Problematika tersebut terungkap dalam seminar bertema “Perempuan dan Kapabilitasnya” yang digelar Badan Eksekutif Mahasiswa Universitas Pelita Harapan (BEM-UPH) bekerja sama dengan Yayasan Mandiri Kreatif Indonesia (YAMAKINDO) di Gedung D 501 UPH Kampus Lippo Karawaci, Sabtu, 7 September 2019.
Dalam keterangan tertulis yang diterima BantenHits.com, Senin, 9 September 2019, seminar dihadiri Menteri Pemberdayaan Perempuan dan Perlindungan Anak, Yohana S. Yembise; Wakil Ketua Komisioner Komisi Nasional Anti Kekerasan terhadap Perempuan, Budi Wahyuni; Direktur Rekatara Human Capital Development yang juga Anggota Komisi IX DPR RI 2009-2018, Okky Asokawati.
Acara tersebut juga dihadiri 120 peserta yang terdiri dari mahasiswa UPH dan mahasiswa dari kampus-kampus sekitar Jabodetabek.
Yohana menginginkan, perempuan yang memiliki kesempatan belajar di perguruan tinggi dapat menjadikan pendidikan sebagai batu loncatan guna mematahkan mata rantai domestikasi wanita di Indonesia.
“Mahasiswa di Indonesia ada 6,7 juta, dan 60%-nya adalah perempuan.
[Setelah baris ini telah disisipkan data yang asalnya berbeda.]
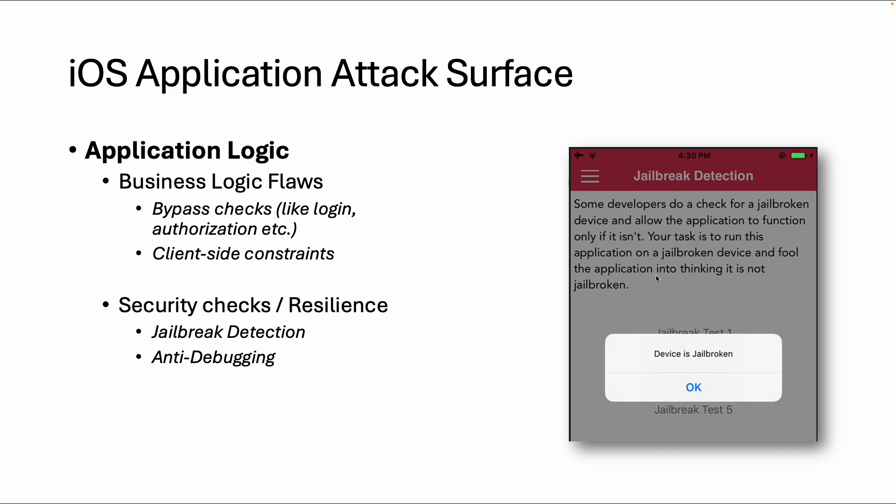Welcome in this next video part of the iOS application attack surface. In this video I will cover application logic, so what is application logic?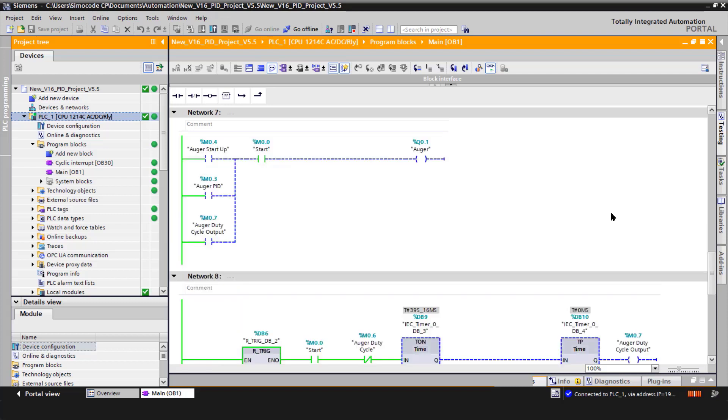Network seven is for the auger output. Since I have an auger startup sequence, an auger PID loop output, and I have an auger duty cycle, which I'll explain here in a few moments. I've decided to tie all these together to actually drive the auger output. Of course, all these can be shut off just by turning the smoker off.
Tapi, dari angka ini, 70% dari mahasiswa perempuan yang balik lagi ke pekerjaan-pekerjaan domestik setelah lulus,” katanya.
“Pemerintah maupun instansi-instansi swasta menggelontorkan banyak dana untuk beasiswa belajar, eh masa dipakai untuk balik ke dapur lagi?” sambungnya.
Yohana mengungkapkan pengalaman pribadinya yang berjuang untuk membuktikan kemampuannya. Dia mengejar gelar hingga S3 di universitas-universitas baik di dalam maupun luar negeri.
“I have quality. I have the capability. Saya percaya saya bisa, dan saya tabrak terus. Ini semangat yang harus kalian miliki sebagai perempuan yang diberi kesempatan belajar di perguruan tinggi,” ujarnya.
Sementara Budi Wahyuni menambahkan, angka perempuan yang tinggi di perguruan tinggi tidak menjamin berhentinya tren domestikasi di Indonesia.
“Proses lulus S1, bahkan S2, tidak akan menambah keberdayaan wanita. Pada dasarnya, perempuan memang tidak memiliki kesempatan untuk mengambil keputusan. Pada dasarnya, yang harus diubah adalah sistem pendidikan. Pertama di rumah, kemudian di sekolah. Dunia pendidikan harus berubah. Kalau di dunia pendidikan masih ada kekerasan terhadap perempuan, kita tidak akan maju,” katanya.
Sementara, Okky Asokawati, mendorong kaum wanita untuk berani masuk ke ranah politik. Saat ini menurutnya, Indonesia belum memiliki banyak anggota perempuan di parlemen, meski memang ada kenaikan jumlah dari 101 anggota DPR RI sekarang menjadi 115 anggota DPR RI pada periode 2019.
“Perempuan jangan alergi berpolitik. Menurut saya, natur perempuan itu lebih caring, jadi anggota DPR wanita biasanya akan lebih fokus pada pengaturan KB, BPJS, dan masalah-masalah kemanusiaan lainnya. Bila kita punya banyak anggota DPR wanita, isu-isu ini akan mendapat jauh lebih banyak perhatian. Sebagai perempuan, jangan segan mengedukasi diri kita dan masuk ke dunia politik,” ungkapnya.